Vermeer spokesperson Teri Vos said the employees wanted to do something to give back to the community, in honor of the company’s 65th anniversary.

“Vermeer is bringing the people-power to put it together,” Vos said. She said the company is very excited to be a part of the playscape project.

The same can be said for 3M.

Knoxville 3M Plant Manager Tracinda Yaw was on hand Monday morning to present organizers of the project with the company’s donation. This project was one of a handful selected from among the applicants in 3M’s plant areas.

“We’re proud to be a part of it,” Yaw said. On the job for a little over four months, Yaw said she has already become familiar with the lake and North Overlook and has visiteded the playscape site regularly.

Mark Deschenes, Commander for the Rock Island District for the Corps of Engineers, was also at the lake on Monday. He said the Corps is a public service agency and requires input from the public regarding what they would like to see included on Corps property.

The Corps is formulating a Master Plan for Red Rock. Operations Manager for the Red Rock Project, Sherry Duey, said there will be more to the playscape project included in the future. The Corps is trying to move away from the typical playground and bring people closer to nature. The main reason for this is to make people feel more comfortable in the outdoors.

In addition to the playscape, the Corps is planning several other “pods,” including a natural prairie maze and a sun dial. Duey hopes to transition the Corps’ programs from indoor amphitheaters to a more natural setting.

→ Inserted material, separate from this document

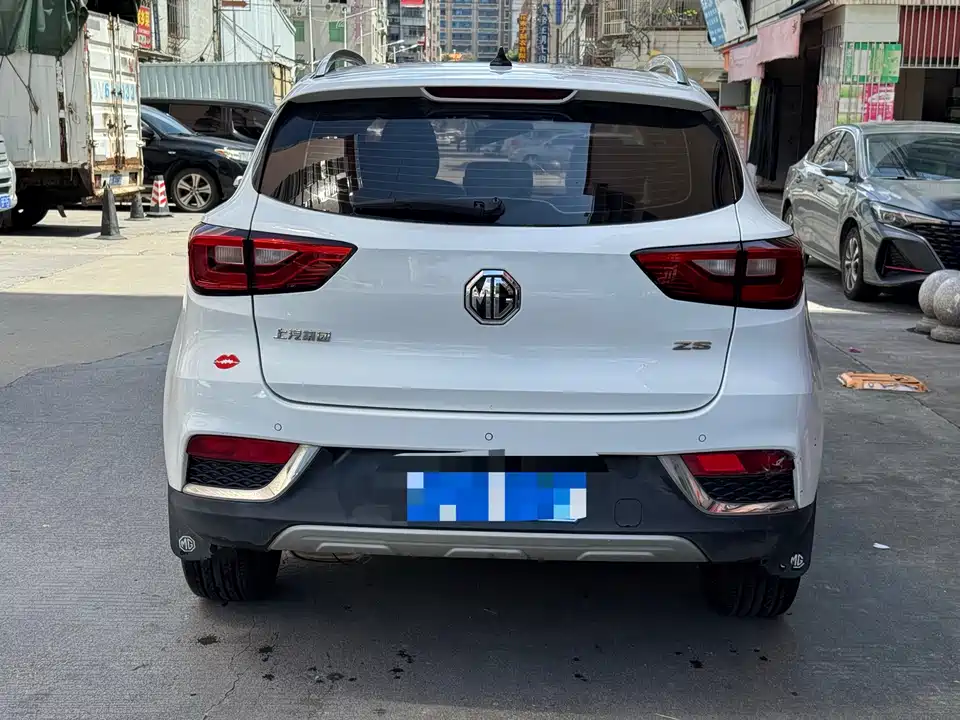 MG ZS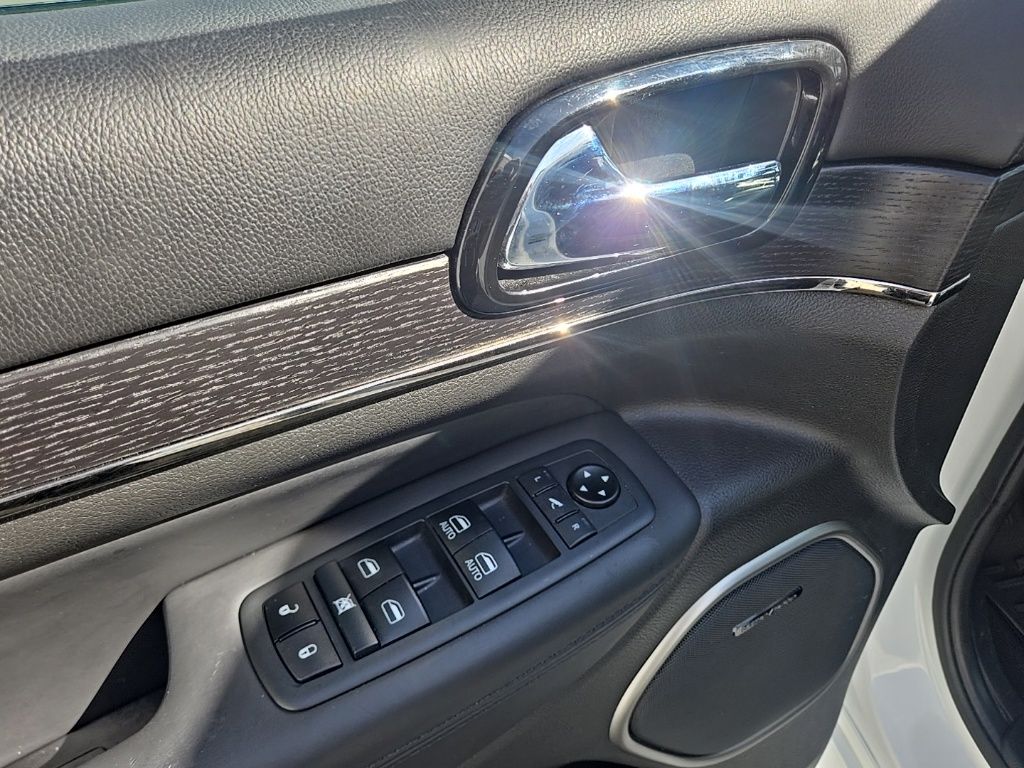 Used 2021 White Jeep High Altitude image 16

Park Ranger Hugh Howe added that the project adds a lot of value to the already popular project. He also believes children will have more fun on the natural playgrounds than on manufactured ones.

Trails will lead people to these different outdoor attractions. The first playscape’s location is visible from an existing trail and can easily be accessed by families.

Dusil and McPherren are proud to see their project coming together. Though both are expected to graduate in the Spring, they intend to remain involved and visit the projects in the future. Both plan to plant some vegetation in the fall.

They were thankful for Vermeer’s participation.

Volunteers were able to provide more ideas to make the project a bigger success. They called Vermeer and 3M great community partners in the project.

Deschenes echoed that sentiment. The Corps, as a federal agency, is struggling with financial issues the entire government is facing. Maintaining existing services has become a challenge, and expansions such as the natural playscape project would not be possible without the assistance of partners.

Not only are the partnerships helpful, but Deschenes is grateful and proud of the way the partner organizations are working together. This is not common, he said, and believes Red Rock is fortunate to have the collaboration from Central College, 3M, Vermeer and the Red Rock Lake Association.

“This is better than I’ve ever seen,” Deschenes said.

He is proud of the relationships and the team building that exists at Red Rock.

“Working together, we’re going to make a huge difference,” Deschenes said.